Hope for Type I Diabetics with News That the Disease May Develop More Slowly Than Thought
Type 1 diabetes may develop over a long period rather than suddenly striking the patient, new research into the disease suggests. This means doctors may have years in which to treat the disease and even prevent the total cessation of insulin production.
Type 1 diabetes is the less common form of this disease, which affects the way in which victims process sugars from the food they eat. In healthy people tissues called beta cells in the pancreas, a large gland tucked away behind the stomach, produce the hormone insulin. Insulin is released into the blood in response to rising levels of glucose in the bloodstream as a result of food being digested. It acts as a chemical messenger, instructing the muscles and other cells to absorb the glucose for their own energy needs. The cells take up the glucose and blood sugar levels fall back to normal. In a diabetic person, the disease has interrupted this cycle.
In type 1 diabetes, which commonly strikes younger people, an autoimmune response has destroyed the beta cells for reasons, which are not yet understood by medical science. The victim, usually a child or young person under 20, is diagnosed after showing symptoms like extreme fatigue, severe weight loss, increased thirst, and constant need to urinate. Unlike type 2 diabetes, in which symptoms can be improved by diet, exercise and weight loss, type 1 diabetes is as yet incurable and the diabetic will need insulin given as injections or via a pump, for the rest of his life.
Doctors had always believed that the autoimmune response struck quickly and the destruction of the beta cells was almost instant. However, new research suggests the beta cells may not all succumb at once, and that in fact some insulin production may go on for years or even decades after the disease’s onset. Researchers at the Massachusetts General Hospital built on other studies, which have thrown up similar results, analyzing data and blood samples from 182 type 1 diabetics. The results were astonishing.
The team found that C-peptide, a marker for insulin production in the beta cells, was still being produced in type 1 patients many years after their diagnosis. Although the marker levels were lower in those who had been living with the disease for longer, even patients who had had diabetes for up to 40 were still producing insulin. Ten percent of those who had had diabetes for between 31 and 40 years were still secreting some of the hormone.

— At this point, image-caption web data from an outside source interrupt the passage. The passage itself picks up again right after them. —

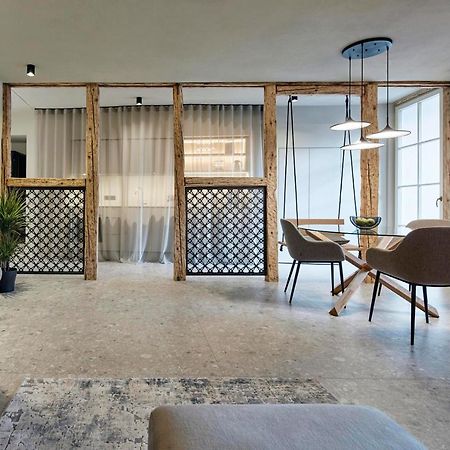 Truma Swing Luxury 梅拉诺 外观 照片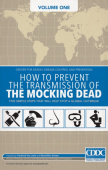 Mocking Dead Volume 1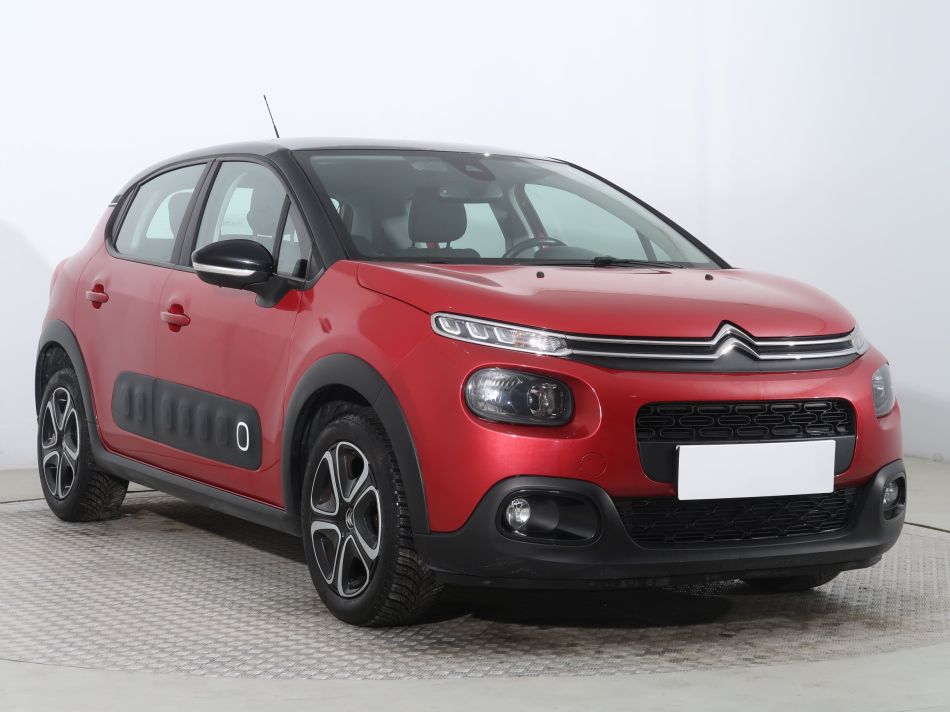 Citroen C3 - 2019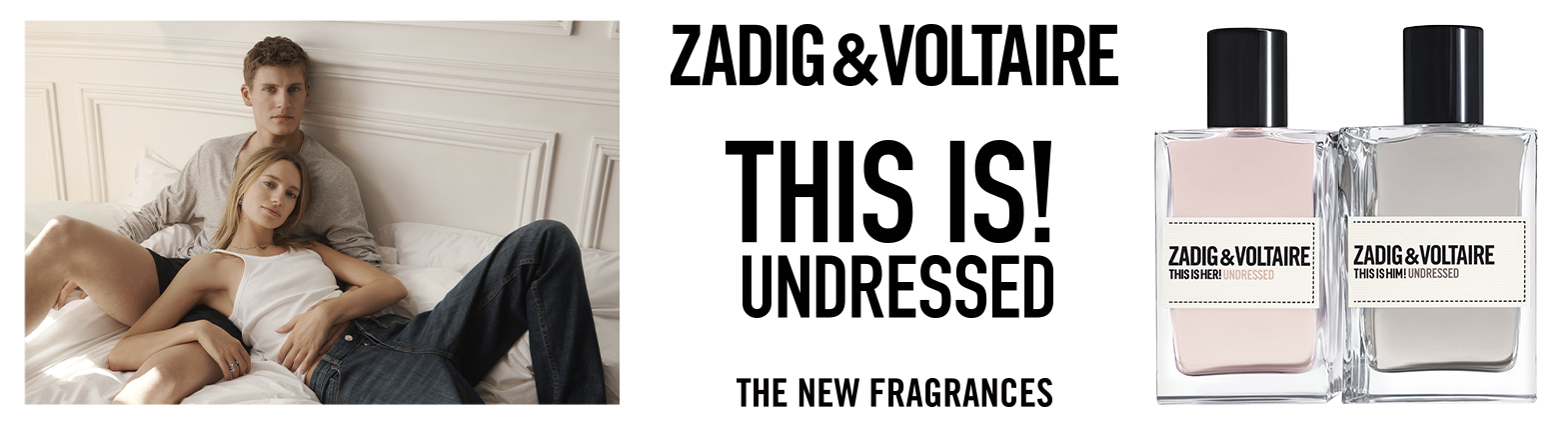Zadig & Voltaire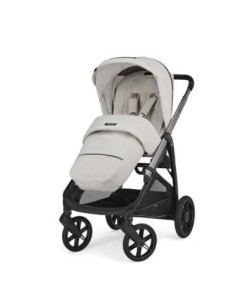 Inglesina - Bundle Promo Kit System Aptica Recline Con Base 360° - Spedizione Gratuita 2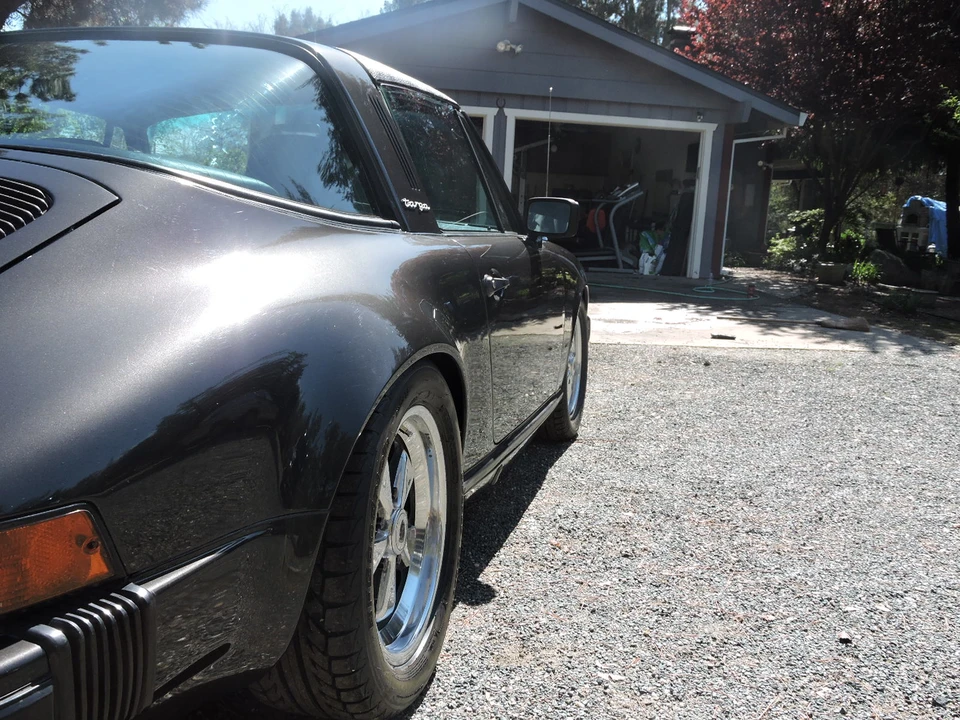 1981 Porsche 911 Carrera SC - Image 7 of 31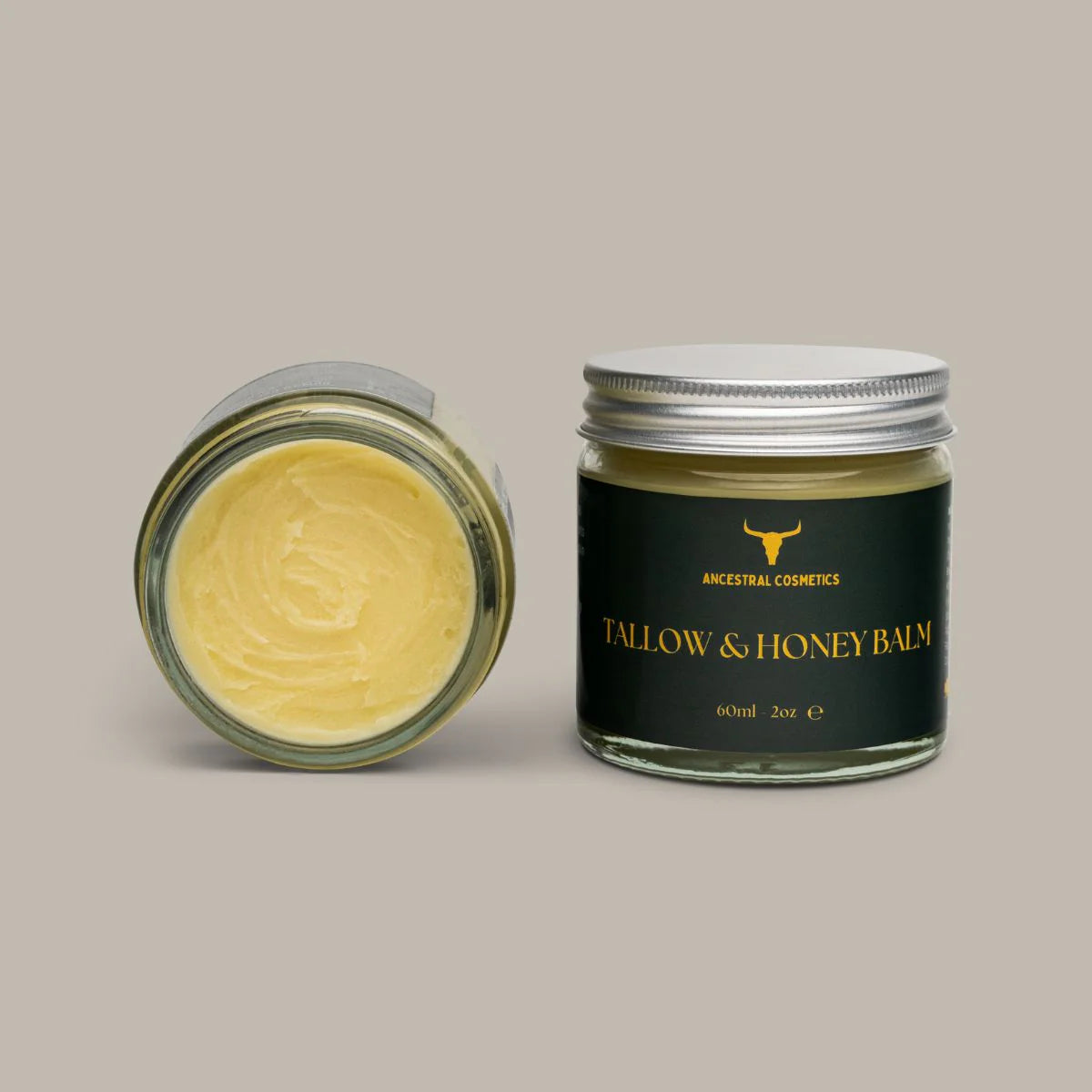 Ancestral Cosmetics Original Tallow & Honey Balm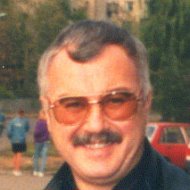 Анатолий Ермолаев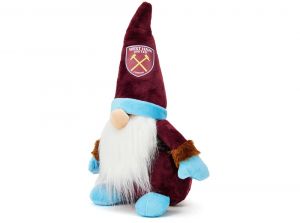 West Ham Gonk Gnome Plush Toy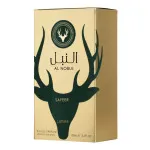 Al Noble Safeer eau de parfum unissex 100 ml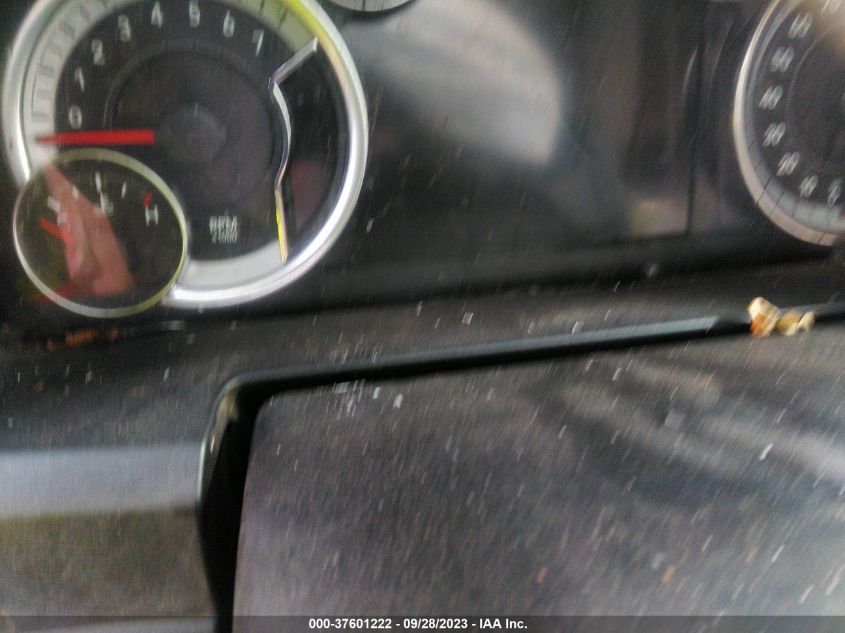 2017 RAM 1500 BIG HORN - 1C6RR7GT5HS652464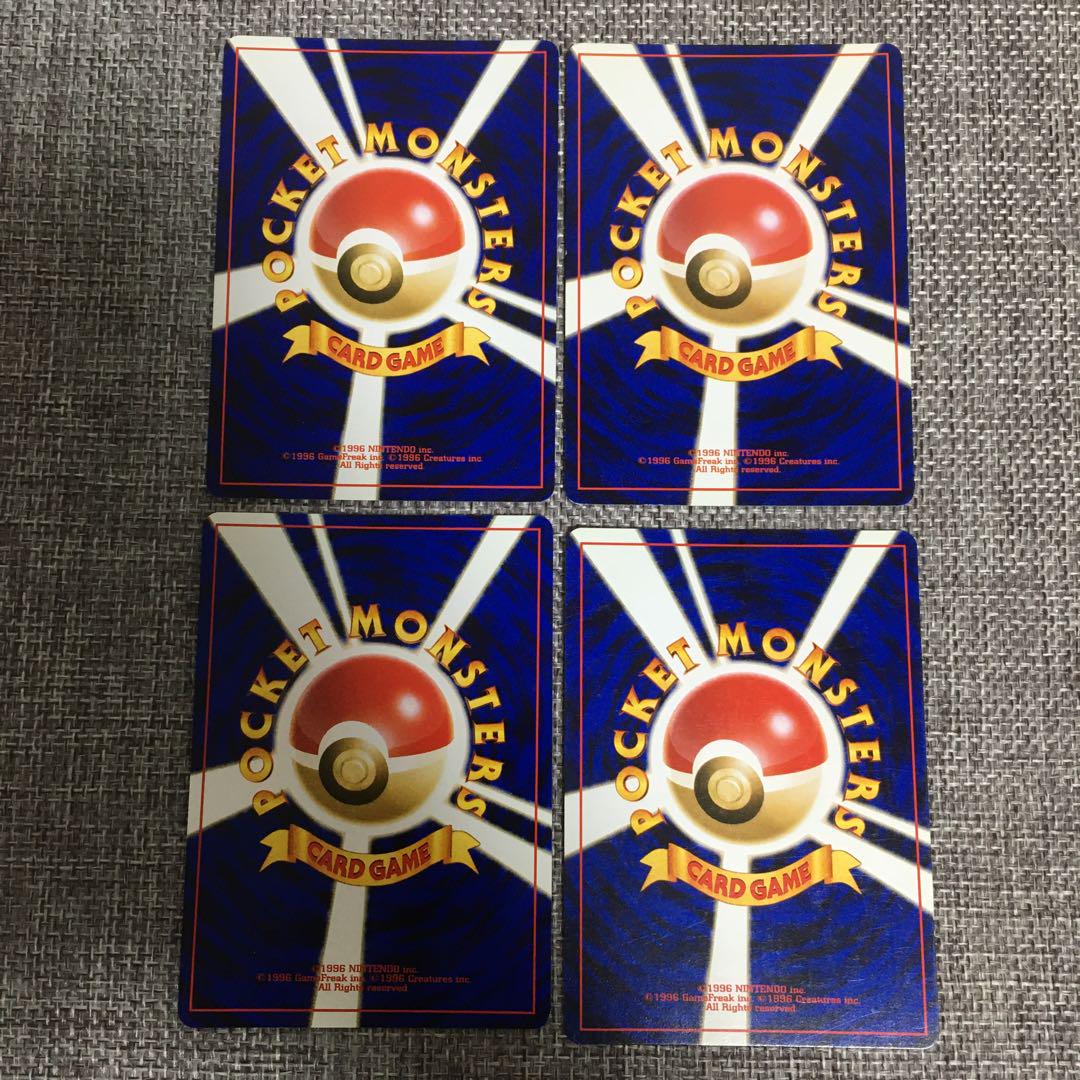ポケモンカード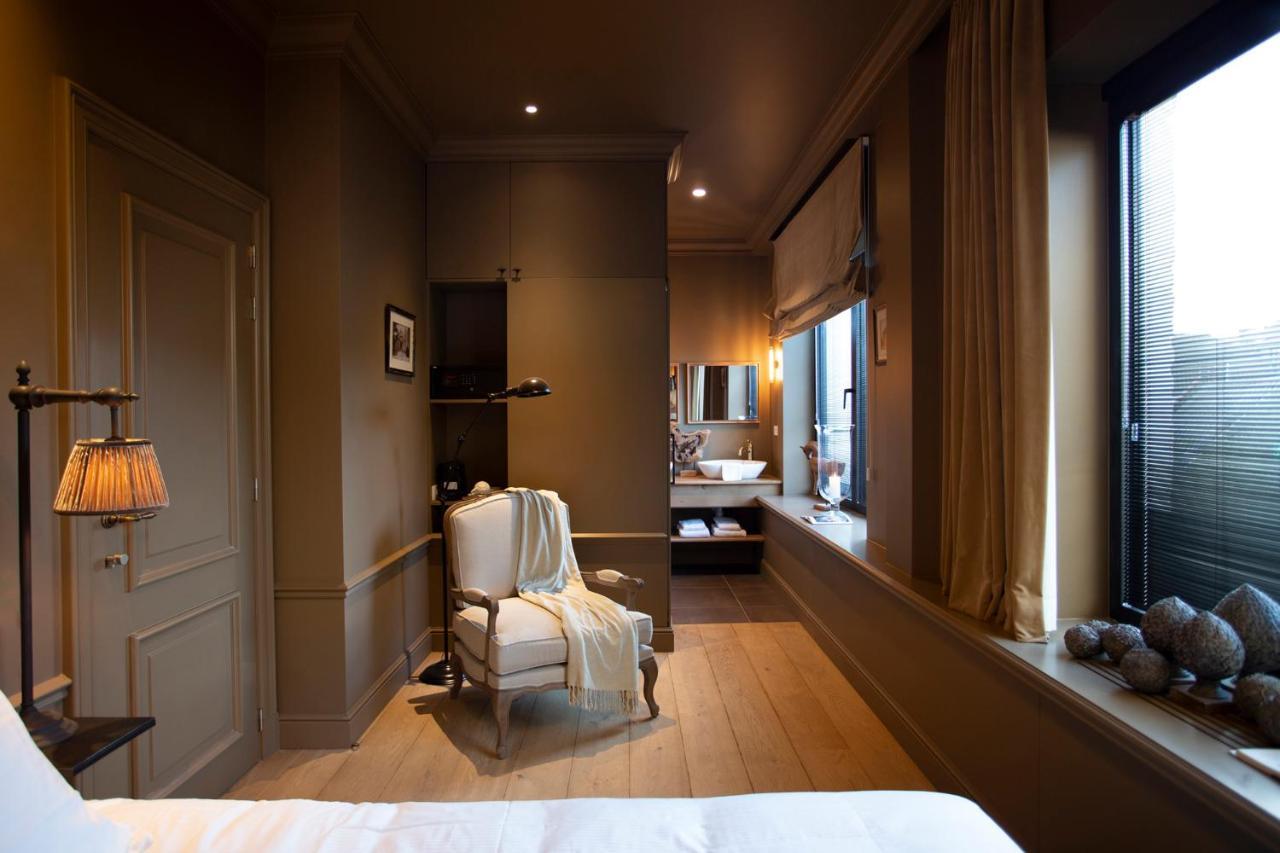 Couette-café Mansion9bruges (adults Only) Bruges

This exciting discovery suggests that it may not be too late for type 1 diabetics even after years of having the disease, and there may be hope for boosting beta cell function and restoring more adequate insulin production. While the beta cells are still functioning, even at such a low level, the hope exists that they can be repaired or stimulated to continue their vital work. This brings new hope for type 1 diabetics, who make up around 10% of all diabetics but who cannot improve their condition as type 2 diabetics can by improving their lifestyle, as lifestyle was not implicated in the first place.